Berdasarkan data Badan Pusat Statistik (BPS), lebih dari separuh pekerja Indonesia berada di posisi yang tidak sesuai dengan latar belakang pendidikan atau keahlian mereka. Ketidaksesuaian ini berdampak pada tingginya angka pengangguran, yakni 7,28 juta orang, dengan 3,55 juta di antaranya berusia 15–24 tahun. Bahkan, sebanyak 871.860 lulusan sarjana per Februari 2025, masih berjuang mendapatkan pekerjaan yang sesuai kualifikasi.
Ketua Umum Asosiasi Pengusaha Indonesia (Apindo) Shinta Kamdani menilai perubahan arah investasi menjadi salah satu pemicu untuk mendorong SDM berkualitas.
“Investasi di Indonesia bergeser ke sektor yang lebih padat modal, dan keterampilan yang kita butuhkan berubah sesuai hal tersebut. Kita harus menyesuaikan pelatihan untuk mengimbangi industri dan teknologi,” ujar Shinta dalam keterangannya, Minggu (17/8).
Dia melanjutkan, Indonesia-Australia bekerja sama membentuk Indonesia-Australia Skills Exchange (IASE), platform yang mempertemukan perusahaan di Indonesia dengan lebih dari 50 penyedia pendidikan Australia dan lebih dari 300 kursus pelatihan.

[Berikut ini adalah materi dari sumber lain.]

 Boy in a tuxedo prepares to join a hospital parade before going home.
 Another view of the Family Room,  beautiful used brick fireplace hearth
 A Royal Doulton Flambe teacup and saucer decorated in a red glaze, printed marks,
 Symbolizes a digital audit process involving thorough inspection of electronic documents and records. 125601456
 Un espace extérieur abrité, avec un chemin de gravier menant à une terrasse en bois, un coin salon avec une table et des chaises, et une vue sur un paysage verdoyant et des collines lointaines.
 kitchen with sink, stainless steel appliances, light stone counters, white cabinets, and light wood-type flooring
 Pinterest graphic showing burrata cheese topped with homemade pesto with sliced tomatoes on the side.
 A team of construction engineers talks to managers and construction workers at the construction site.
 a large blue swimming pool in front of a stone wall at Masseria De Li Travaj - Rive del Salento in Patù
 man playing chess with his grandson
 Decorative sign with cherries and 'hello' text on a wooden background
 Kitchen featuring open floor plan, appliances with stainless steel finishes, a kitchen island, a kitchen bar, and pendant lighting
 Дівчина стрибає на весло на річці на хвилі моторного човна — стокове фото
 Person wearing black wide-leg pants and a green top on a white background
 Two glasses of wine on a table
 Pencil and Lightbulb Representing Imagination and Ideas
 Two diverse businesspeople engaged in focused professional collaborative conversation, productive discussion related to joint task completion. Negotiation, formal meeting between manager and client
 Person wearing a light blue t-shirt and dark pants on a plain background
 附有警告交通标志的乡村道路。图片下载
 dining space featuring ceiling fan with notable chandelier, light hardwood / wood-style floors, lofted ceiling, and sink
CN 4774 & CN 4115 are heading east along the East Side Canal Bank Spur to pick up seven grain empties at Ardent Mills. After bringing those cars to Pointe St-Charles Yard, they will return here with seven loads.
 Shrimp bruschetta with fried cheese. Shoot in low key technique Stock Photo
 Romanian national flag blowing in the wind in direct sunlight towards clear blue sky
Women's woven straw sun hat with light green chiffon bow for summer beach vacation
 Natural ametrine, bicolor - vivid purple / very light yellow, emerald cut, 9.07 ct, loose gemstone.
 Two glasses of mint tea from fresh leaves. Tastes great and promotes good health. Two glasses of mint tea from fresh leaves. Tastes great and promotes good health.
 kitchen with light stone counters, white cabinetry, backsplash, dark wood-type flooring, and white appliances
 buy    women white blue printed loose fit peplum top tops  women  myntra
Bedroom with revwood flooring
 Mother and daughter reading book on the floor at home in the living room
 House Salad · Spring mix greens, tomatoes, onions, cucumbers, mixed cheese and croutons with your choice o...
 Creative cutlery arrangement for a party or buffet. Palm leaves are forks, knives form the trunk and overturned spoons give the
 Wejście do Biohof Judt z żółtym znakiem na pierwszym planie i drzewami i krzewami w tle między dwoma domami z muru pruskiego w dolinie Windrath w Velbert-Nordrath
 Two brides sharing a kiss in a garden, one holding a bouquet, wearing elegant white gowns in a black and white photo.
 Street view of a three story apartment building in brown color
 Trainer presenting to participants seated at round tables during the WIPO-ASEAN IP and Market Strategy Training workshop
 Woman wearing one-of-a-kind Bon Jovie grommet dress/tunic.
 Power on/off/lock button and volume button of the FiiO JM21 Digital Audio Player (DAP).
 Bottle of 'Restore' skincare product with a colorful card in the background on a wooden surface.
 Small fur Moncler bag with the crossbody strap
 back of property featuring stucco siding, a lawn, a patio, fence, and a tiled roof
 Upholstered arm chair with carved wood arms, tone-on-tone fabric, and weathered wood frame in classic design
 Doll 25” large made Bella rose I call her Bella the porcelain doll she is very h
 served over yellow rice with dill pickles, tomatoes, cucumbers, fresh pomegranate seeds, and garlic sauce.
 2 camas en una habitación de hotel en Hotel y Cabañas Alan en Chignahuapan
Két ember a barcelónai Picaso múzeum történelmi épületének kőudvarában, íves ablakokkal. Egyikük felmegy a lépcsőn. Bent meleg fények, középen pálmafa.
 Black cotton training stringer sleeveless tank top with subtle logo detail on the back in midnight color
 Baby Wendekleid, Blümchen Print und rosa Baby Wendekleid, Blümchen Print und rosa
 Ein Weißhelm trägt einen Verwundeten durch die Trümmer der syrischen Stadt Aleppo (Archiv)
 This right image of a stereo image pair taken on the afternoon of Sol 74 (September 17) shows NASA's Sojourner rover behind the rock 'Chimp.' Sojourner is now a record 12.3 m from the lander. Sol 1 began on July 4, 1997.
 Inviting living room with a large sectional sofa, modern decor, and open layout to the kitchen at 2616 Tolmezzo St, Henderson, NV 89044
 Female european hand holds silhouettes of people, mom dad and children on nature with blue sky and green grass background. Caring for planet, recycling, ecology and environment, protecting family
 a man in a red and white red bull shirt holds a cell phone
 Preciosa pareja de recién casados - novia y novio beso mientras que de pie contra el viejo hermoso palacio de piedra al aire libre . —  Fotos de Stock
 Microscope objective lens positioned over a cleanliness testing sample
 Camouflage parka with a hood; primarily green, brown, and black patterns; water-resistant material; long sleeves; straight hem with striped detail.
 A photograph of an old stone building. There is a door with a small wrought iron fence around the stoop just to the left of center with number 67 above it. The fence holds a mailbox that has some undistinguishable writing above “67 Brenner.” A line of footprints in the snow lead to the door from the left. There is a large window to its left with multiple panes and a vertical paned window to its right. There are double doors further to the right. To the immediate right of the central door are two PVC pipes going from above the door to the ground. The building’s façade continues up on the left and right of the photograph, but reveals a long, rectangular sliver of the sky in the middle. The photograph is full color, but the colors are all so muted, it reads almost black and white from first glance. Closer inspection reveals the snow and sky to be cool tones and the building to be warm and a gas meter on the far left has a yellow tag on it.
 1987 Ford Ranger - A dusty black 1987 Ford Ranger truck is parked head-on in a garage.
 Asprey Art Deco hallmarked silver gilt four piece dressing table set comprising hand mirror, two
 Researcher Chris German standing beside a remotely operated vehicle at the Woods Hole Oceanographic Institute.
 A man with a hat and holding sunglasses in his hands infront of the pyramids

Melalui situs IASkills.org, pemberi kerja dapat mencari kursus yang relevan, menghubungi penyedia pelatihan, atau mengajukan tender sesuai kebutuhan.
“Jika perusahaan memiliki kebutuhan pelatihan tertentu, Anda dapat mempostingnya di platform dan penyedia akan membalas,” kata Skills Lead Adviser Katalis IASE, Clarice Campbell.
Fokus pelatihan tidak hanya pada keterampilan teknis, tetapi juga soft skill. Perkembangan itu mendorong kebutuhan pekerja dengan kemampuan pemasaran digital, analitik data, hingga desain pengalaman pelanggan.
Direktur Katalis IASE, Paul Bartlett, mengatakan penyedia pendidikan Australia dapat mengisi kesenjangan tersebut. “Di situlah bisnis dapat berkembang, menggabungkan kemampuan di bidangnya dengan kepemimpinan, komunikasi, dan pemikiran kritis,” ujar Paul.
Langkah-langkah ini diharapkan membantu Indonesia mempersiapkan tenaga kerja yang tidak hanya terampil, tetapi juga adaptif menghadapi tantangan masa depan. Sebab, menuju Indonesia Emas 2045, kekuatan bangsa tak hanya diukur dari infrastruktur, tetapi juga dari kualitas manusianya.